Thursday, April 1, 2010

Wexford Sights (IX)

I was reluctantly awoken on this chilly morning by an awful hullabulloo coming from the sun room. I could hear the hound clambering about and barking, so I made my sleepy way to the source of the noise. In one of the corners of the ceiling was a tiny, terrified bird, clinging to the exposed wooden beam while the hound danced and barked with delight. The sun room door was open to the garden, and the bird must have flown in by accident. I grabbed the hound's collar and dragged him into the kitchen. As I did so, the bird launched itself from its perch, flying the whole length of the room at full speed and slamming into the large window at the end with a loud thump. I saw it fall, and ran down to where it lay on the floor, its little tongue protruding as it gasped for breath. Then it was dead. The impact must have broken its neck. I took it outside (so light in my hand) and placed it gently on the windowsill, then got my camera. Das vedanya, little birdie...


Claudia said...

Poor beautiful little birdie. You gave dignity to his death. Do you know the poet Emily Dickinson?
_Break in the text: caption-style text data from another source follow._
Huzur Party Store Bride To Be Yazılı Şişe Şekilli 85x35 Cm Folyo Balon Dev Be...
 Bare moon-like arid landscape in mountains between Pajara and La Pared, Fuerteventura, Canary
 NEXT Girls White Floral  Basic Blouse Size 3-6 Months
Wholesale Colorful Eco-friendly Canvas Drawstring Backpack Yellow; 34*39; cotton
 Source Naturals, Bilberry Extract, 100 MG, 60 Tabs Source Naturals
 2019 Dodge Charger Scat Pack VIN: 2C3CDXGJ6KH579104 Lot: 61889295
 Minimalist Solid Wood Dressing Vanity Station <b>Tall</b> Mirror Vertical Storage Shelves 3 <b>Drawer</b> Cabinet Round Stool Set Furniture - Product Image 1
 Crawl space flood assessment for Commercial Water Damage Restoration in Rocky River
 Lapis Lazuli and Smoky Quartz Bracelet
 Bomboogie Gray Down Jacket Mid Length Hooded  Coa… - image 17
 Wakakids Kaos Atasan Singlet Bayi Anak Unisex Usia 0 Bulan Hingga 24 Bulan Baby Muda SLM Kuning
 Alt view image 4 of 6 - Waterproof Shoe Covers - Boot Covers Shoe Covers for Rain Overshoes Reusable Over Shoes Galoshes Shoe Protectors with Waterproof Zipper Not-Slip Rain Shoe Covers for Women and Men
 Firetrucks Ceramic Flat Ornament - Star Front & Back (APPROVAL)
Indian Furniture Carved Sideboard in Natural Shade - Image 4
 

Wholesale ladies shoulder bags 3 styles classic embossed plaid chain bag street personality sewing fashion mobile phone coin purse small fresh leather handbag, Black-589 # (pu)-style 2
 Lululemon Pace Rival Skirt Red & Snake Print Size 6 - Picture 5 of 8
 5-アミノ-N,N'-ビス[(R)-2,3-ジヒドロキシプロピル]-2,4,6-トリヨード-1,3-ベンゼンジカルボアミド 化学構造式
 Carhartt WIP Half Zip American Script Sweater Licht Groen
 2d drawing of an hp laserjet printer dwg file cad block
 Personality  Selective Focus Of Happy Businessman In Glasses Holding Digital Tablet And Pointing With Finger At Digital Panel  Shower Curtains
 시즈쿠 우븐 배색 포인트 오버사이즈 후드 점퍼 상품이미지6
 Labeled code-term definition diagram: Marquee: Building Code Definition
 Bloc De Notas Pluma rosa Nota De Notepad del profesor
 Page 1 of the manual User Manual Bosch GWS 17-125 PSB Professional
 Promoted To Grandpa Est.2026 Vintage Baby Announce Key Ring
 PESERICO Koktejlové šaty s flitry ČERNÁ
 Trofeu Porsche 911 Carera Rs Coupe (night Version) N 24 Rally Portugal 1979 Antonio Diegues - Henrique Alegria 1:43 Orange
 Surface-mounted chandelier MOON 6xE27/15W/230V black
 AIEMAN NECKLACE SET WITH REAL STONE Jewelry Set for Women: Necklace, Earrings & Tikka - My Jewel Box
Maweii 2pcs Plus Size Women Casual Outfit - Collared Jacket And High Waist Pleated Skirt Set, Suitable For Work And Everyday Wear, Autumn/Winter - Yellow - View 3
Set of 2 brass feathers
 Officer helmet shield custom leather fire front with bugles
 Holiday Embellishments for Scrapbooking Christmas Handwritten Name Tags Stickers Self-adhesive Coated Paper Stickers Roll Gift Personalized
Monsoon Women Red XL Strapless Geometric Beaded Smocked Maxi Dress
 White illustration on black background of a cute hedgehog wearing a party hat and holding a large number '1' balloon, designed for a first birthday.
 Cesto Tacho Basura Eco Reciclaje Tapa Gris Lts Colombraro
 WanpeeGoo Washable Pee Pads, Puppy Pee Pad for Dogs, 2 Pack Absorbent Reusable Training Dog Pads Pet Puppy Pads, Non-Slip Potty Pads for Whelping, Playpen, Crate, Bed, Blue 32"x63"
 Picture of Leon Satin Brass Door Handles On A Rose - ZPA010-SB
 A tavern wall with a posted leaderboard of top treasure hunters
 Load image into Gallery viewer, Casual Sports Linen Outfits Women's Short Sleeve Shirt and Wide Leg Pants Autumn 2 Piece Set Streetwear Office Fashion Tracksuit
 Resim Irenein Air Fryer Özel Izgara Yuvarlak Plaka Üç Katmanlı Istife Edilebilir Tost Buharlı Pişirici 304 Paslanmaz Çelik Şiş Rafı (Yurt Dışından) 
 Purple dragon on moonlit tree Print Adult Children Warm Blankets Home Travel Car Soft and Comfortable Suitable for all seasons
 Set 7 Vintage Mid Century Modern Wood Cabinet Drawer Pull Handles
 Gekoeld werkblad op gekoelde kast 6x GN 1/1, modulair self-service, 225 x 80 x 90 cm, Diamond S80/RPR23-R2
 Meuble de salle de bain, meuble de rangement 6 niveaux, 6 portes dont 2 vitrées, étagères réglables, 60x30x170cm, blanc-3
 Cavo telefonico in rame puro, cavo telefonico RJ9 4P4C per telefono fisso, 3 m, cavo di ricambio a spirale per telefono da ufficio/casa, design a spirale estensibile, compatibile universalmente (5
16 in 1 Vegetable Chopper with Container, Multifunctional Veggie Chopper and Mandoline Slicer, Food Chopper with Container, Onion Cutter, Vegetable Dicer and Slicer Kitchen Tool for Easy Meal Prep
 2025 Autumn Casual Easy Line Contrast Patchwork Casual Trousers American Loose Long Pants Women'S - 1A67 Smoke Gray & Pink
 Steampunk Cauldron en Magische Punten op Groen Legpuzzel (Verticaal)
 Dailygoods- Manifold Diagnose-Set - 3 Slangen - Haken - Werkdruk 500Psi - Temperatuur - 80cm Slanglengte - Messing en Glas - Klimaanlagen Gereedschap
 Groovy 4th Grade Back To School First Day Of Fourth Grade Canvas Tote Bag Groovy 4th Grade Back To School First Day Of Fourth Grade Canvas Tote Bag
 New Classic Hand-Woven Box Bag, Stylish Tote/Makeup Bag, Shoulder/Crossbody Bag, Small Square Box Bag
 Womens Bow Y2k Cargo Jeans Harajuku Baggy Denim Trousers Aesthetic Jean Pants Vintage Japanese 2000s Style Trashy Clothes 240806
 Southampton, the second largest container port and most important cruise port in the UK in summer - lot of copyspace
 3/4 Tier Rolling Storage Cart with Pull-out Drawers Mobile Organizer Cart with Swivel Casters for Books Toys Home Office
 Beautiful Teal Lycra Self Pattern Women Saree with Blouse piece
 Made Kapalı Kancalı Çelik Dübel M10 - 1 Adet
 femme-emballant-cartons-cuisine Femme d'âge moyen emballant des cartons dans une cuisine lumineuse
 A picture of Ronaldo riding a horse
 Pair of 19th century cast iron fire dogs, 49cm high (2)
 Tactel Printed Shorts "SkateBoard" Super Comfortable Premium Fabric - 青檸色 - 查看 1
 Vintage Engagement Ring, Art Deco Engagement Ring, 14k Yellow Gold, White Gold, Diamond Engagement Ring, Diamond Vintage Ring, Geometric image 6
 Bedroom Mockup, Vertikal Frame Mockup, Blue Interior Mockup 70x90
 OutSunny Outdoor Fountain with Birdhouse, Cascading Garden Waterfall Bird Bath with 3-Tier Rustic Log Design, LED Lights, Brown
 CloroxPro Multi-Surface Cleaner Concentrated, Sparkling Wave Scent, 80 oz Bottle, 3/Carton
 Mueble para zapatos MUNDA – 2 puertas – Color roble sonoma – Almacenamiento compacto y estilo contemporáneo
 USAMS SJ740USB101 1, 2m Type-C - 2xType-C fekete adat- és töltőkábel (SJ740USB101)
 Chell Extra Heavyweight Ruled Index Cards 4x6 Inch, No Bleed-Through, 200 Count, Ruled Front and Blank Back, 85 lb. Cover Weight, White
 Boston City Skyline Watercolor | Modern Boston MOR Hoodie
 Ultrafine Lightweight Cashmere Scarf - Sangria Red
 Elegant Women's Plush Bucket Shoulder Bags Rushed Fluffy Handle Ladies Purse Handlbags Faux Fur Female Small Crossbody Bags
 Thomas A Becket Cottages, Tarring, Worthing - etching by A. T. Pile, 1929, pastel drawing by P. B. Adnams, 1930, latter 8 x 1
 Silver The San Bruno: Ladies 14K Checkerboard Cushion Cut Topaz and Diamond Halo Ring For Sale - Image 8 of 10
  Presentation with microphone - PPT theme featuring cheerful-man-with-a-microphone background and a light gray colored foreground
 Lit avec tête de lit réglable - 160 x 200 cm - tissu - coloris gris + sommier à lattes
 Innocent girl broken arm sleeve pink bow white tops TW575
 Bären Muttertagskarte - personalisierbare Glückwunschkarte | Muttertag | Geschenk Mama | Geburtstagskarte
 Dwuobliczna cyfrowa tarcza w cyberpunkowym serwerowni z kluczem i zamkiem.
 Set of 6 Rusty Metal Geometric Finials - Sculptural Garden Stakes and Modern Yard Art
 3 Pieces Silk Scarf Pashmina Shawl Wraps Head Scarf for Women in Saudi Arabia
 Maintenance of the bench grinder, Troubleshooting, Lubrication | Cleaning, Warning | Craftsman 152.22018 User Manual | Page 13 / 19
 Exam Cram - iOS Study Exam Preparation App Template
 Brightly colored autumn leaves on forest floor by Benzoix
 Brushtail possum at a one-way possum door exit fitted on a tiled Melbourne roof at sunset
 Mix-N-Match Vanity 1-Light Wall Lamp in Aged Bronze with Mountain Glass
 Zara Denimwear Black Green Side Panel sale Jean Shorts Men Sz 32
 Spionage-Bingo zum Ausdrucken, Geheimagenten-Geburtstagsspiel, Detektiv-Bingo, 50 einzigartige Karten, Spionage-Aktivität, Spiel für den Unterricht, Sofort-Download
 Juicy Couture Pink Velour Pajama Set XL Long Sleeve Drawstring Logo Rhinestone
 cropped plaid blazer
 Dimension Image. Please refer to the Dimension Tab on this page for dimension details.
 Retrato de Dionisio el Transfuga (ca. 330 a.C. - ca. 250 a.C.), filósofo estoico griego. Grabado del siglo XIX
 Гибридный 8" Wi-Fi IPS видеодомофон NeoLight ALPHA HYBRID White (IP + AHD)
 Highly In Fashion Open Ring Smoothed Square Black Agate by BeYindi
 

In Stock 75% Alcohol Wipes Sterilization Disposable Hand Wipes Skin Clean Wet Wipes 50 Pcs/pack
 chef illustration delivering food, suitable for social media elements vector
A bird came down the walk:
He did not know I saw;
He bit an angleworm in halves
And ate the fellow raw.

And then he drank a dew
From a convenient grass.
And then hopped sidewise to the wall
To let a beetle pass.

A Doubtful Egg said...

Lovely poem, Claudia. I know a bit of Dickinson's work, but it's a long time since I've read any. Sadly, this bird shall hop no more... (I didn't write that later the same day another bird, a little coal tit, got trapped in the sun room, and was cornered by the barking hound when I found him. He was so terrified that he hopped onto my finger and perched there for about five minutes, unable to move, then flew away out the door. So not all stories have a sad ending!)